EV1, the Eurovelo Atlantic Coast Route, is part of a network of cycle paths that criss-cross Europe and runs from Norway to Portugal. We’ve cycled bits of it before, as it includes the Wild Atlantic Way in Ireland.
Porto (literally port or harbour) is a spectacular city that twists its way up from the mouth of the Douro river in a maze of medieval streets, colourful houses and ornate churches.
Some of the food is as unique as the city itself.
We enjoyed the port wine (of course), the Pastel de Nata (deliciously light custard and cinnamon tarts that are a one-a-day treat for many) but were not so sure about the Francesinha (literally little Frenchie, as it was adapted to local Porto tastes from the Croque Monsieur sandwich in the 1950’s).
A steak, some fresh sausage, cured sausage and cured ham are all stuffed inside two slices of bread and covered with melted cheese and an optional fried egg. It’s then doused in a hot thick spicy tomato and beer sauce and served with chips and a large beer.
Enough calories to fuel any bike ride!
But not enough for a ride into the steep hills of the Douro Valley.
Haunted by memories of long, hilly days at the beginning of past trips we decided to take a tour instead. As we drove up yet another sharp ridge it felt like a smart decision … and gave us more time for wine tasting!
The Douro valley is stunning. Terraced vineyards, built behind ancient dry stone walls climb precipitously away from the river as far the eye can see, their whitewashed quintas (wine estates) glistening in the sunshine. Many with names that remember the end of a good dinner … Sandeman, Dow, Taylor’s, Graham’s, Croft.
The first few days of this bicycle adventure have been spent gently pedalling down the coast on flat roads, cycle paths and board walks. Through pretty little beach towns and across salt marshes that attract a variety of migratory birds … herons, egrets, even some flamingoes.

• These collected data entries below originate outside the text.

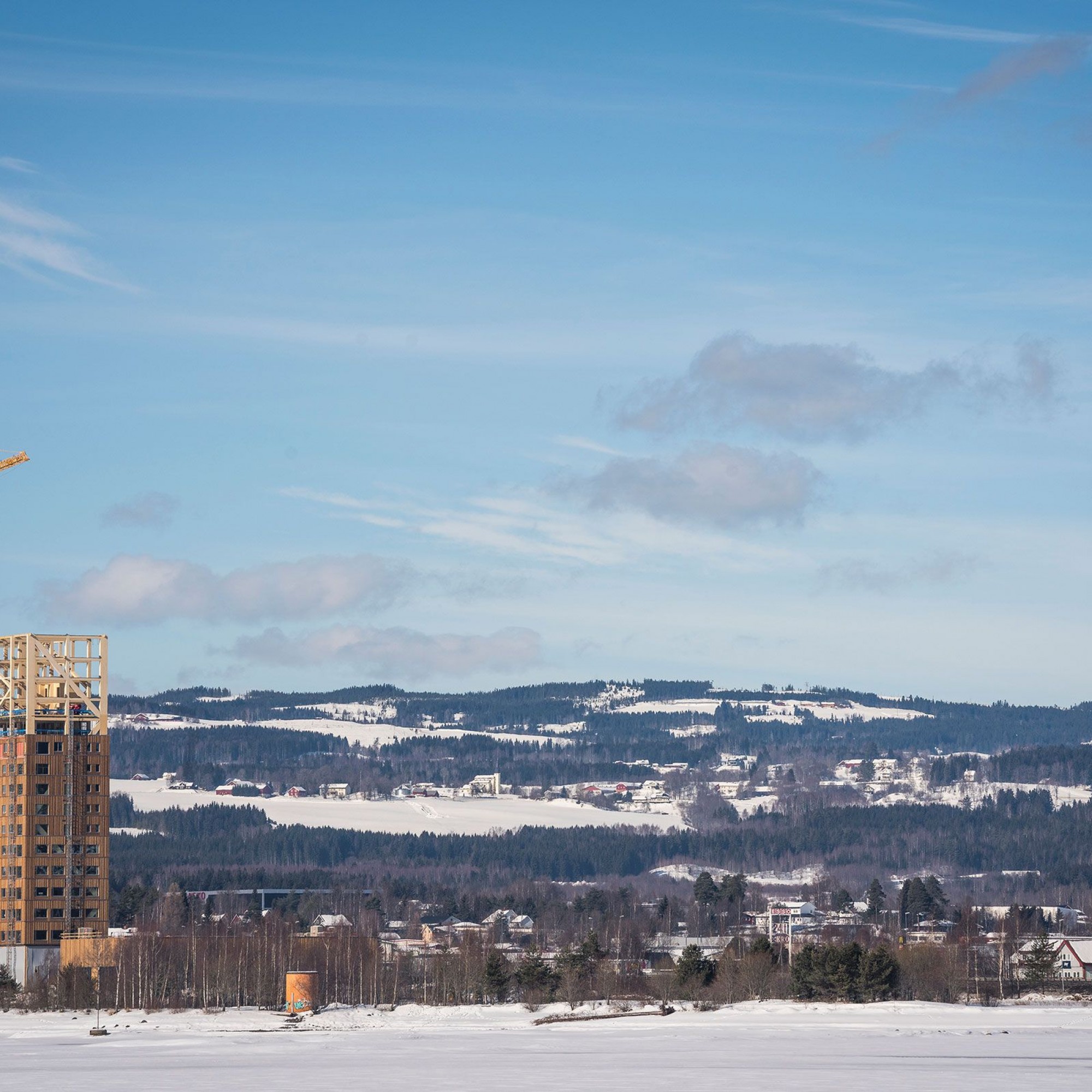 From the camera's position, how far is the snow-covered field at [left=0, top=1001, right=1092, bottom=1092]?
99.4 meters

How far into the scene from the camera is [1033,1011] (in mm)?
161000

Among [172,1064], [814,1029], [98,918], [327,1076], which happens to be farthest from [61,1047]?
[98,918]

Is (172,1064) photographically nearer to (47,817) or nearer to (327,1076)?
(327,1076)

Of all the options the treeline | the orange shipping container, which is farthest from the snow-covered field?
the treeline

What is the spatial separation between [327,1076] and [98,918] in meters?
101

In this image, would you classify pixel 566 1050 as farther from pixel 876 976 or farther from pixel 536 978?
pixel 536 978

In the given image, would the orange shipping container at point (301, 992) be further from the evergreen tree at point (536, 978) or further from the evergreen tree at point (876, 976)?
the evergreen tree at point (876, 976)

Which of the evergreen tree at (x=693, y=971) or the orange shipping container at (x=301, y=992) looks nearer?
the orange shipping container at (x=301, y=992)

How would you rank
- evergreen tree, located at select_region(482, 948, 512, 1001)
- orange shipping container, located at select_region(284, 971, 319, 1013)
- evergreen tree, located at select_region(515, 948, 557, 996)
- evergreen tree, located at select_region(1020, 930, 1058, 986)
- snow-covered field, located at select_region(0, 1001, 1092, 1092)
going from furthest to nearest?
evergreen tree, located at select_region(1020, 930, 1058, 986), evergreen tree, located at select_region(482, 948, 512, 1001), evergreen tree, located at select_region(515, 948, 557, 996), orange shipping container, located at select_region(284, 971, 319, 1013), snow-covered field, located at select_region(0, 1001, 1092, 1092)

A striking part of this area are azulejos, decorative tiles that adorn many buildings. In a tradition dating back to the 13th century these hand painted tiles help keep houses cool and beautiful.
Ovar, our first overnight stop, is a ‘living museum’ of azulejos with many fine examples from the 19th and 20th century.
From Ovar we cycled onto Aveiro, a city that grew rich from salt but now relies on tourism as the self styled ‘Venice of Portugal’. It’s not quite as grand as the Queen of the Adriatic … although a gondola ride makes for a pleasant diversion, passing under many bridges adorned with thousands of brightly coloured ribbons.
Our young guide giggled as she encouraged us to join in … “you can tie a ribbon on the bridge for everlasting love and friendship … ooh-la-la!”
Sadly the ribbon shop was closed for lunch.
The next day, we were reminded that bicycle touring is not all about easy cycle paths, boat rides and pretty coastal views. A fierce headwind blew up and it poured with rain as we struggled into Praia de Mira, sodden and a little weary.
It almost felt like cycling in England.
But not quite. We’re in Portugal. Back on our bikes.